The Great AI stagnation

Info
This essay is generative (decoder) Large Language Models, or what is dubbed “AI” or sometimes “AGI” in pseudo-technical circles, not machine learning as a whole. My argument, reduced to 1 sentence, is that it is difficult for AI to achieve superhuman ability when it depends on human-curated training data. This is not applicable to domain-specific machine learning, such as AlphaGo or Deep Blue, where the problem space is tightly defined and there are objective criteria for evaluation. In these domains, computers totally outperform humans and have for a long time, and will continue to get better.

People have finally noticed that AI (especially Large Language Model AI) has plateaued. The prophecied exponential growth to an “Artificial Super-Intelligence” “singularity”, where AI gets smart enough to learn how to reprogram itself, and becomes smarter at an uncontrollable rate… simply hasn’t happened and doesn’t look like it’s going to.

Curiously, the skill / intelligence of Large Language Model AI has plateaued right around the level of a moderately above-average human with unusually good memory (i.e., knows a lot of facts). It was obvious to me around 2020 that this was going to happen, when I first learned about GPT-3. Some people are still surprised or confused by this, so I would like to explain why I predicted this so long before it happened, despite the initial appearance of a (now clearly illusory) exponential growth curve.
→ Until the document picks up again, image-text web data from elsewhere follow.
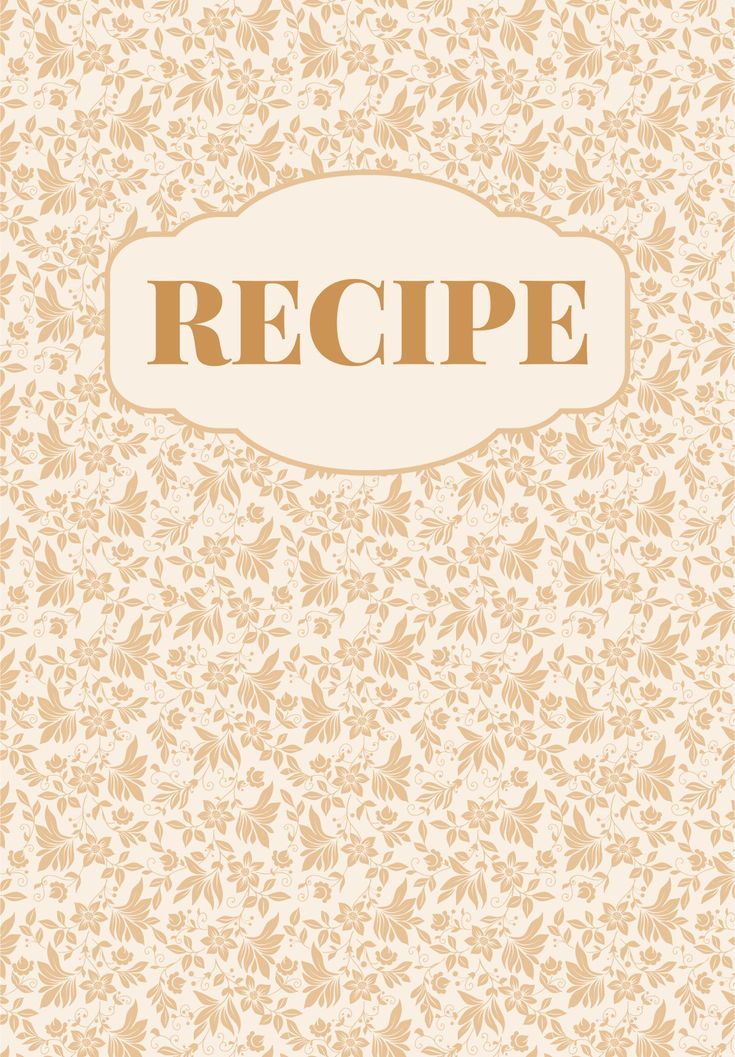 a recipe book with the word recipe written on it in brown and white floral designs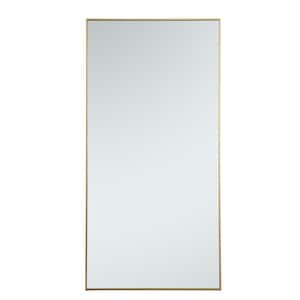 Timeless Home 36 in. W x 72 in. H x Contemporary Metal Framed Rectangle Brass Mirror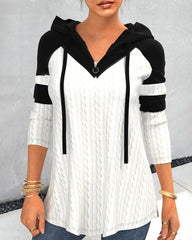 Långärmad Topp med Luva och Dragkedja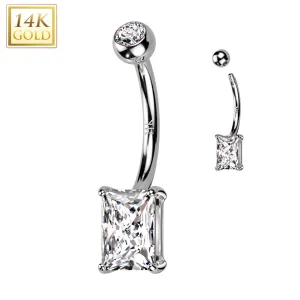 14kt Solid White Gold 6mm Princess Cubic Zirconia Belly Ring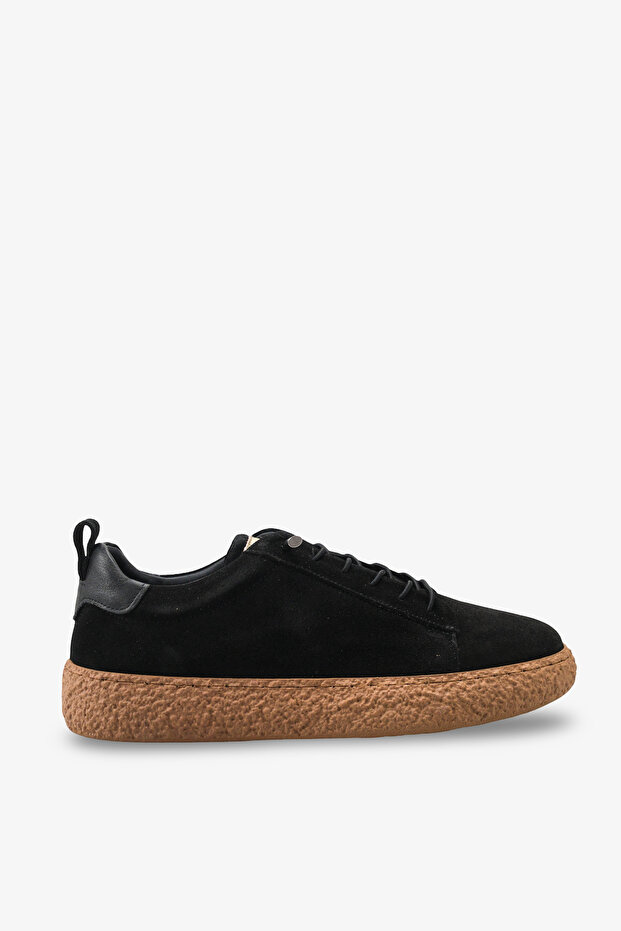 Barsala Women's Genuine Leather Casual Shoes - Black Suede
Demystifying “Artificial Intelligence”

A lot of effort is spent asking, “Is AI conscious? Is it really thinking?” The more important question is, “Are humans conscious? Are we really thinking?” And the answer is, “Who cares?” (Ctrl+F “submarines” ofc.)

Let’s examine how all existing AI works (Large Language Models, in particular, since everyone agrees that is the primary vector of artificial general intelligence).

AI only knows 1 thing: “What would my training data say?” More specifically, “What response would represent the smallest cumulative deviation from my training data?”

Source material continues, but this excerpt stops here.